Eu não quero decepcionar quem espera um espetáculo para
saber o que fazer ou mesmo para fugir, mas o autogolpe não virá com o som de
tiros para o alto, tanques nas ruas e com o fechamento do Congresso em meio a
aplausos de uma minoria fanática e sem máscaras. Esse estilo não sobrevive no mundo
de hoje, e o ladrão não vai entrar pela frente, com a sala cheia.
O autogolpe não vai acontecer, ele está acontecendo,
encontra-se em curso e quem ainda não se deu conta disso não conseguirá
perceber uma virada mais radical no poder do presidente quando ela acontecer.
Quando a ficha cair, já aconteceu, talvez há um bom tempo.
Há poucos anos, declarações como a que o presidente fez hoje
já seriam um marco da virada, uma declaração de autogolpe. Ele desafiou os
Poderes da República, disse que chegou no limite e que vai partir para a ação
em nome da liberdade e da Constituição, qual ditador não defende a liberdade e
a Constituição? Hoje seria o dia em que a democracia foi declarada e
oficialmente derrubada. Ou o dia histórico em que a democracia derrubou e
prendeu um presidente que de peito aberto e no exercício de suas funções
desafiou o regime.
Mas nós não encaramos assim, não vimos como uma declaração
de autogolpe porque desde o ano passado lemos e ouvimos absurdos e mais
absurdos, e insistimos na tese de que as instituições são fortes e responderão.
Elas não estão respondendo, a não ser com notas de repúdio, estão corroídas e
intimidadas, e ficarão ainda mais, mas sobreviverão na fachada, na casca. Elas
não serão fechadas e as ameaças disso parecem fazer parte dessa estratégia.
O que deve acontecer a partir de agora não é hollywoodiano.
Devem ocorrer mais Marielles em Brasília e em todos os cantos, deixando
parlamentares de oposição acuados e com medo de frentes que contenham o tirano.

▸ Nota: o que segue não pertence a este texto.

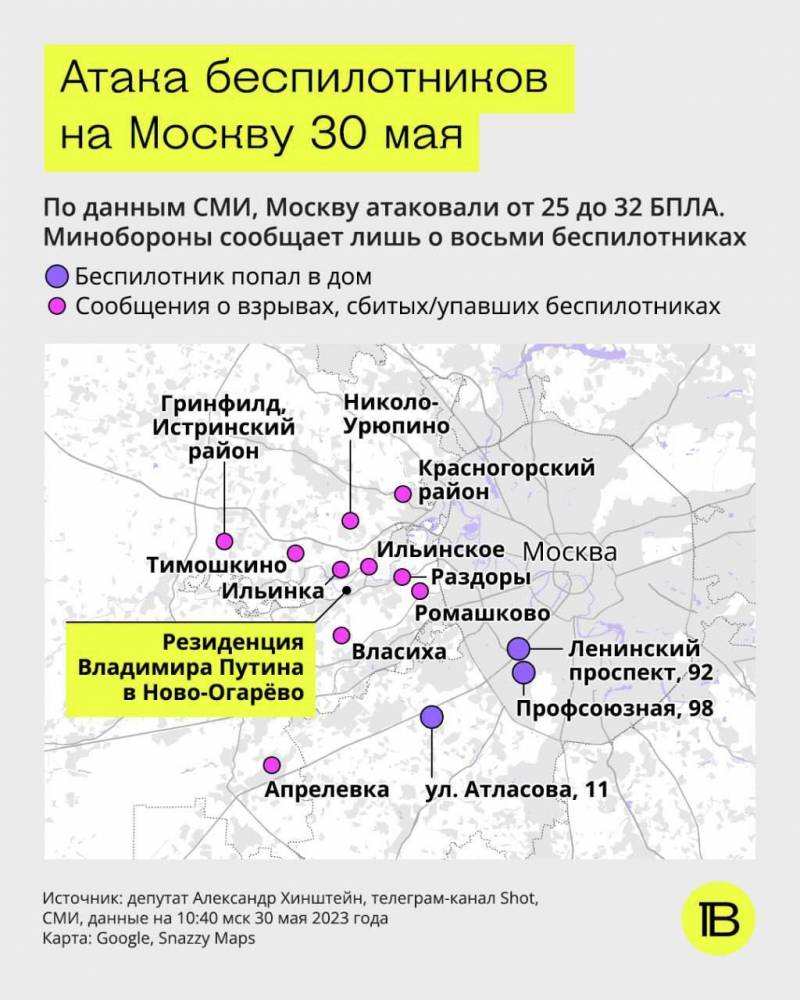 Карта беспилотников онлайн в реальном времени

Deve ocorrer uma corrupta ação com o corrupto Centrão para a eleição de um
presidente fantoche da Câmara, fazendo com que a Casa não seja mais um
obstáculo para decretos e leis inconstitucionais e autoritárias.
O STF, acovardado, não será capaz de dar respostas aos
desmandos, o controle da PF e de outros aparelhos de Estado vai ocorrer com
outras nomeações, pois o que não falta é gente disposta a isso, as leis
estapafúrdias entrarão em vigor e o controle será maior um pouquinho a cada
dia, a perseguição será um pouquinho maior a cada dia, e as declarações do
presidente continuarão como sempre foram, destemperadas e agressivas, e com
ministros dizendo que protestos e declarações deste tipo fazem parte da
democracia. Barroso, claramente amedrontado, acaba de falar exatamente isso na
Globonews.
As milícias que já tomam conta de territórios ampliarão
silenciosamente seus poderes e áreas de atuação, serão armadas e dificilmente
desafiadas por poderes democráticos, sob pena de rápidas execuções e
desaparecimentos. Estes não serão feitos pelos aparelhos de Estado, o trabalho
sujo será feito por elas. Paras as Forças Armadas ensaia-se o papel da soberana
Rainha da Inglaterra.
Em desdobramentos mais radicais, mas não creio que num
futuro muito à frente, haverá um estrangulamento feroz de veículos de imprensa
e acomodação com os que se aliarem e, em seguida, controle da Justiça Eleitoral
para, em nome da liberdade e da democracia, tornar os "comunistas"
ilegais, pois eles buscam a ditadura, e controlar o processo eleitoral.
E, acreditem, no meio disso tudo muitos ainda vão temer que
a qualquer momento aconteça um autogolpe. Outros, por sua vez, continuarão
apoiando o presidente e pedindo um novo AI-5.